We noticed only a modest 100GB drop in disk usage on slave/store after the drop of the table. It seems that what reported by the following script (that we used to find the 400GB size of the table) is not reporting what is stored on disk by TokuDB:

SELECT
     -- table_name AS `Table`,
     round(((data_length + index_length) / 1024 / 1024 / 1024), 2) `Size in GB`
FROM information_schema.TABLES
WHERE TABLE_SCHEMA = 'log'
ORDER BY (data_length + index_length) DESC;

On m4-master, that is the only one still holding the table:

root@db1046:/srv/sqldata# du -hsc _log_*PageContentSaveComplete*
693M	_log_PageContentSaveComplete_5588433_key_ix_PageContentSaveComplete_5588433_timestamp_116cc80eb_3_1b_P_0.tokudb
4.1G	_log_PageContentSaveComplete_5588433_key_ix_PageContentSaveComplete_5588433_uuid_116cc80e7_3_1b_B_0.tokudb
9.3G	_log_PageContentSaveComplete_5588433_main_116cc80e4_2_1b.tokudb
64K	_log_PageContentSaveComplete_5588433_status_116cc80e4_1_1b.tokudb
3.1G	_log_sql_6dc5_407_key_ix_PageContentSaveComplete_5588433_timestamp_902ff62_4_1b.tokudb
17G	_log_sql_6dc5_407_key_ix_PageContentSaveComplete_5588433_uuid_902ff62_3_1b.tokudb
32K	_log_sql_a10_4d898c_key_ix_TrackedPageContentSaveComplete_8535426_timestamp_5a0a626c_4_1b.tokudb
32K	_log_sql_a10_4d898c_key_ix_TrackedPageContentSaveComplete_8535426_uuid_5a0a626c_3_1b.tokudb
34G	total

To be noticed that check_size reports this:

Table	Size in MB
PageContentSaveComplete_5588433_15423246	339968.06

So there is a disparity between what is effectively showed on disk and what is showed by information_schema, probably due to TokuDB's compression?

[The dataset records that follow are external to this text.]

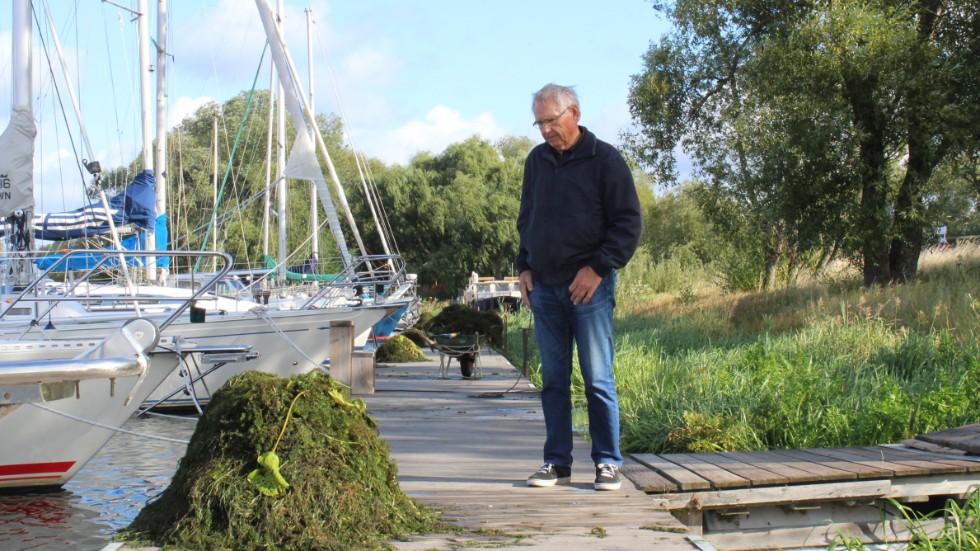 Snart kommer ingen att våga segla till segelbåtshamnen i Linköping på grund av växter i vattnet.  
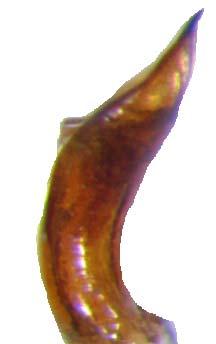 Lateralde, aedeagusun apikal kısmı ventrale doğru kıvrıktır ve apexi tedricen sivrileşmiştir (Resim 3. 26)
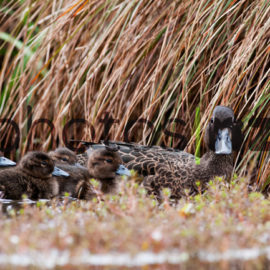 NZ Bird Photos: Whistling duck perching on rock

Another test that I did was summing up all the files on dbstore1001:/srv/sqldata/log_* (all files of the log database) and compare them with the sum of the table sizes reported by information_schema. The result was respectively 1.3T vs 3.3T.

To summarize, we are not getting all the space that is showed in information_schema when we drop a table.

Today I even restarted mysql on dbstore1002 to ensure that no files was accidentally kept open by the mysql process, but nothing changed.

Mentioned in SAL (#wikimedia-operations) [2017-08-28T14:31:00Z] <elukey> drop PageContentSaveComplete_5588433_15423246 from the log database on db1046 (m4-master) - T170720

Before we close this, we should move the tables that Nuria created in Hive to a new 'archive' database.